■ **TASK INSTRUCTIONS**: Give back exactly the stretch of data below from the line holding "Open Space Preservation" through the line holding "Basics Light-Weight Microfiber", both ends included, and leave the remaining lines out.

■ **PROVIDED INFORMATION**:
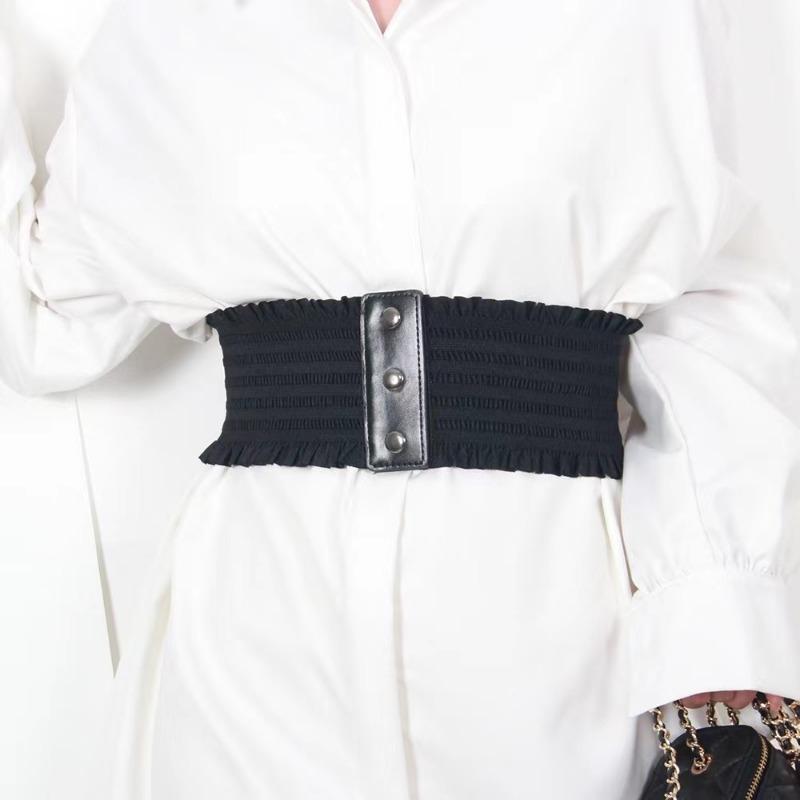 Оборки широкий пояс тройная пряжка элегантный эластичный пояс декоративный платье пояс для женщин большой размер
---
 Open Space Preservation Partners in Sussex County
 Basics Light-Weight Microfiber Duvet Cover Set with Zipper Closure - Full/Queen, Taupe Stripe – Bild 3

■ **RESULT FOR THIS EXERCISE**:
 Open Space Preservation Partners in Sussex County
 Basics Light-Weight Microfiber Duvet Cover Set with Zipper Closure - Full/Queen, Taupe Stripe – Bild 3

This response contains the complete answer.